Part of the Ghosts in the Machine b:INFORM Series
In this article forming part of our b:INFORM Ghosts in the Machine Series , we analyse the survey findings relating to regulatory risks arising from the use of Artificial Intelligence ("AI") in financial markets and institutions. Click here for our article analysing the survey findings relating to legal risks arising from the use of Artificial Intelligence.
More regulation needed
Key finding: A total of 60 % of all survey respondents and 72 % of survey respondents occupying a legal/ compliance function expressed the view that more, and perhaps much more, regulation would be required in response to AI.
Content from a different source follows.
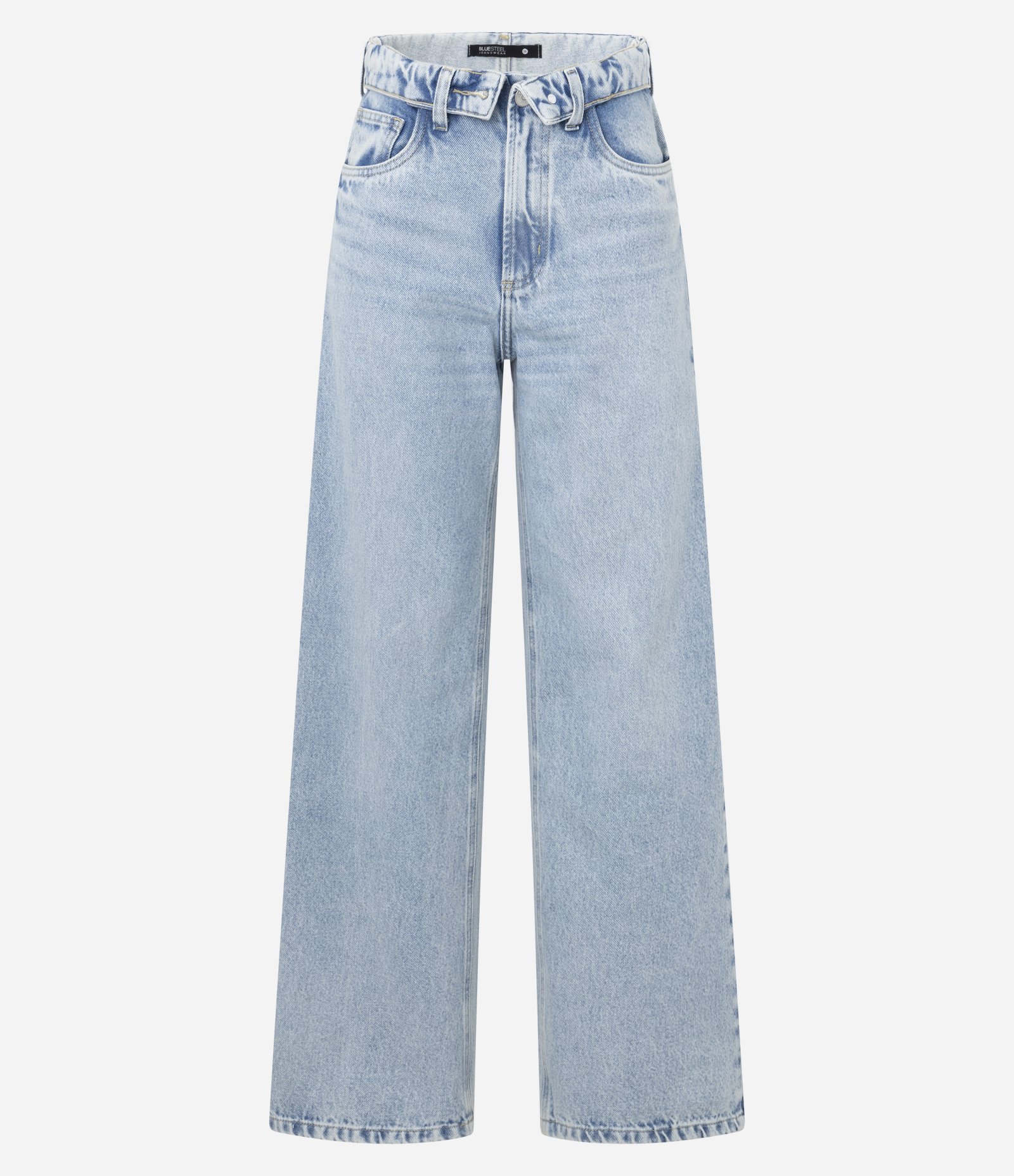 Calça Wide Leg em Jeans com Cós Dobrado Azul 5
AI is at the cutting edge of the financial services evolution. It has numerous potential applications for both consumer/retail and corporate/ wholesale. It will be intrinsically linked to other cutting edge innovations such as robotics (bots) which will be harnessed in myriad ways and areas such as providing wealth management and insurance advice. Existing regulatory frameworks were not designed with AI in mind and, while at a high level a principles based approach would capture AI, the coverage is not ideal. Hence, the need for a global approach to new regulation which should be adopted after international consultation and be consistent across markets.
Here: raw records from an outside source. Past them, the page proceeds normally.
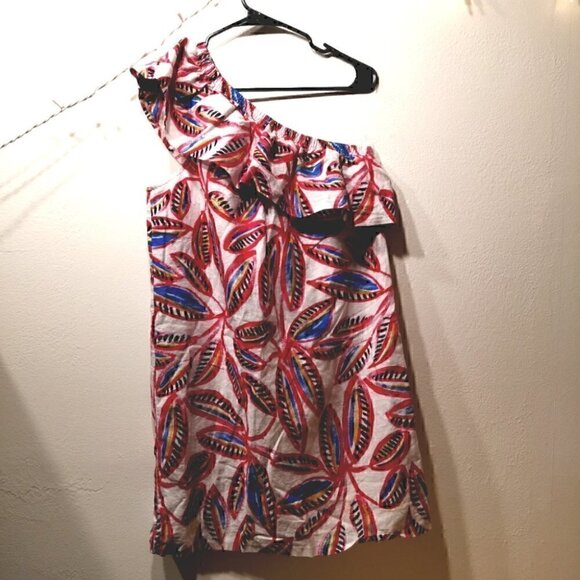 J Crew Women's M Asym Open Shoulder Floral Dress - Picture 2 of 12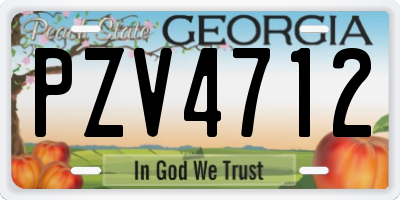 GA license plate PZV4712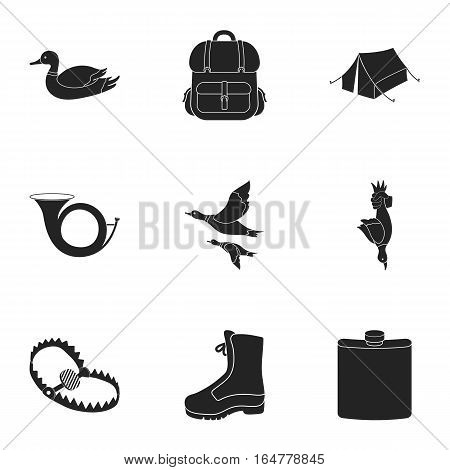 Hunting set icons in black style. Big collection of hunting vector symbol stock
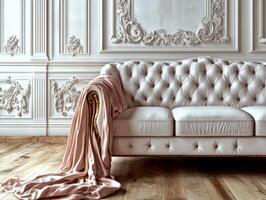 Elegant white tufted sofa with a cozy blanket draped on it in a lavishly decorated room with ornate walls photo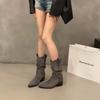 High Heel Pointed Suede Martin Boots Pile Medium Tube Knight Boots Damenstiefel 2025 Frühling und Herbst V-Ausschnitt Skinny Kurze Stiefel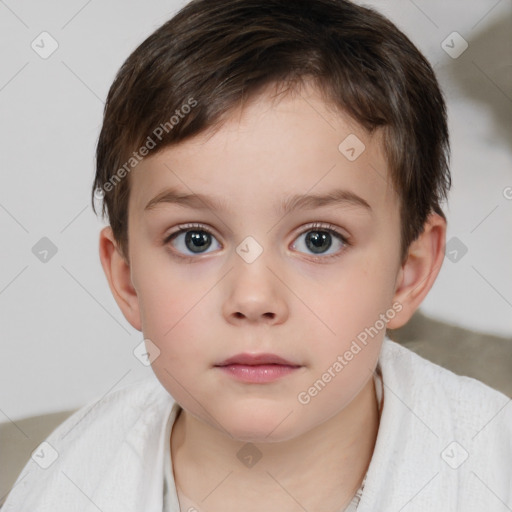 Neutral white child female with short  brown hair and brown eyes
Regulators not on top of AI
Key finding: A separate finding was that 75 % of all survey respondents and 64% of survey respondents occupying a legal/ compliance function felt that regulators are not keeping pace with advances in technology.
This finding is not surprising. The World Economic Forum Report from 19 April 2016 and entitled "The Role of Financial Services in Society; Understanding the impact of technology enabled innovation in financial stability" suggests that steps need to be taken to ensure national supervisors are well equipped to monitor and mitigate against risks from technology enabled innovation. Indeed, in private conversations many national regulators admit that they fear falling behind. Regulators do not have the same level of resources as the private sector which is investing billions of dollars each year and recruiting the top scientific brains to develop AI. Consequently, there is a huge imbalance between the regulated and regulators. It is therefore incumbent on FIs as a sector to proactively keep regulatory bodies informed of developments and applications. If the FI sector fails to do this it leaves itself vulnerable to unnecessary rule changes that prohibit or restrict AI application. This should not be confused with the parallel debate on whether FIs should share highly confidential proprietary technology information on the AI itself they use, as some regulators and politicians now propose.
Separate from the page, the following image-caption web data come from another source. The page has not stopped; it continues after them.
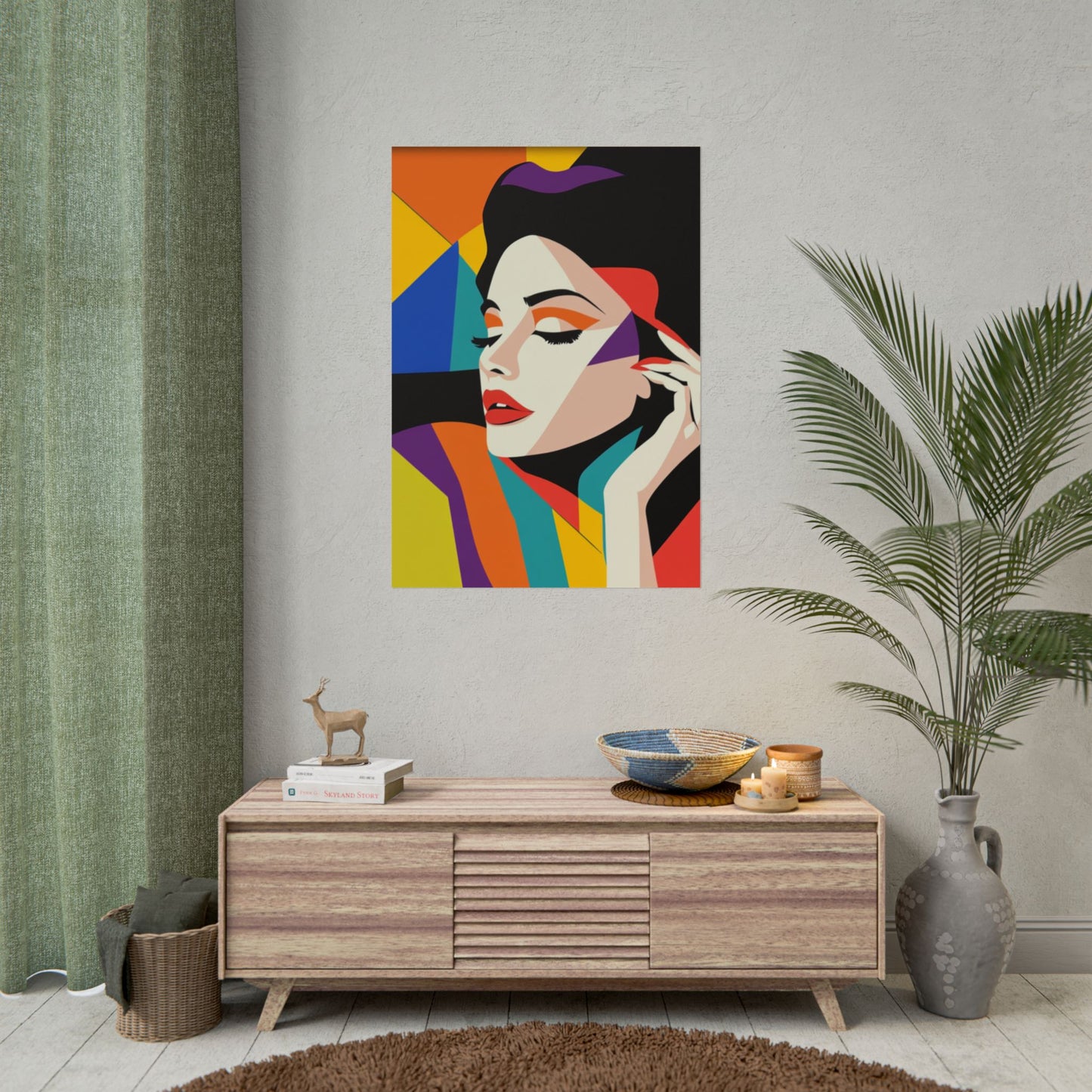 Vibrant Pop Art Portrait - Abstract Woman Art Print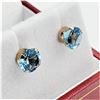 Image 2 : 14KT Yellow Gold Natural Blue Topaz (2ct) Earrings, W/A $540.00.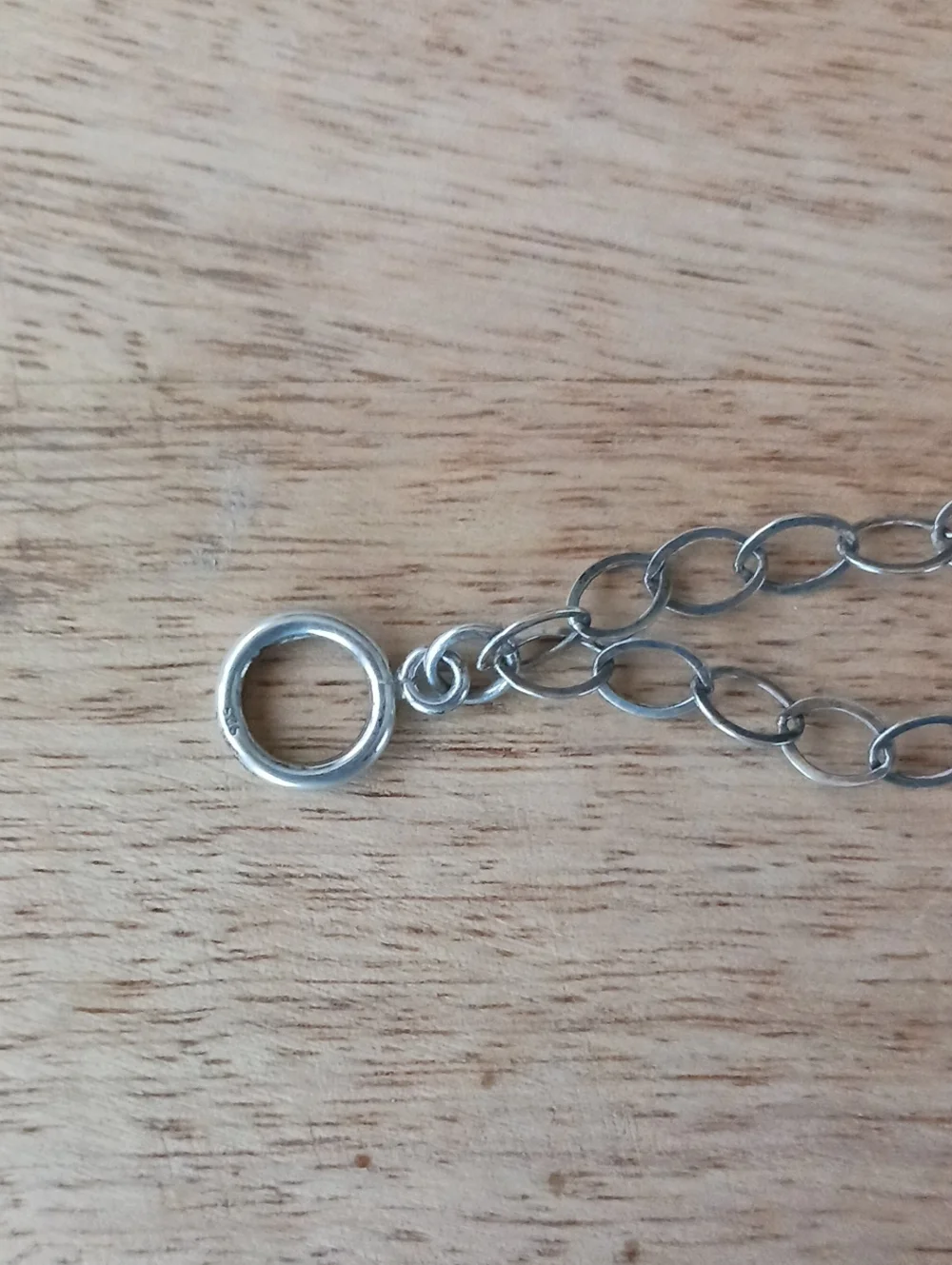 Vintage .925 Silver and Gemstone Asymetrical Necklace Toggle Clasp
The survey also explored how regulators should harness the application of AI for the purposes of reducing regulatory risks. Respondents were asked to name an area which they would like regulators to focus on in terms of adoption of AI.
Key finding: Of all survey respondents, 49% thought that regulators should prioritise the adoption of AI in the area of Market Abuse in order to reduce regulatory risks, whereas 38% chose the area of AML/ KYC as a regulator priority. Interestingly, survey respondents occupying a legal/ compliance function applied the reverse prioritisation with 40% suggesting regulators should focus their AI efforts on AML/KYC and 28% proposing a focus on Market Abuse.
This focus on AML/ KYC by the legal and compliance community may well be the result of the prominent attention AML and KYC have recently received from Transparency International and FATF, especially in conjunction with anti-terrorist financing and the global initiatives on curbing corruption. A separate point is that the survey anticipates that AI will strengthen the ability and capability of the regulators to actively regulate areas of the market which have historically proven challenging, but remain in the spotlight.
The FI sector has the challenge of ensuring that the regulators are kept up to speed in the fast-changing world of AI technology and that the global regulatory community provides a coordinated and consistent response. It is in the interest of the FI sector as a whole that a broad public-private initiative emerges as part of which FIs provide sufficient data and assistance to regulators to empower them to educate themselves and properly understand the issues around AI at both national and international level. Otherwise, the sector may well face inconsistent rules between jurisdictions and unnecessary curbs on AI applications. FIs should also anticipate that regulators themselves will adopt AI for suitable areas such as AML and Market Abuse.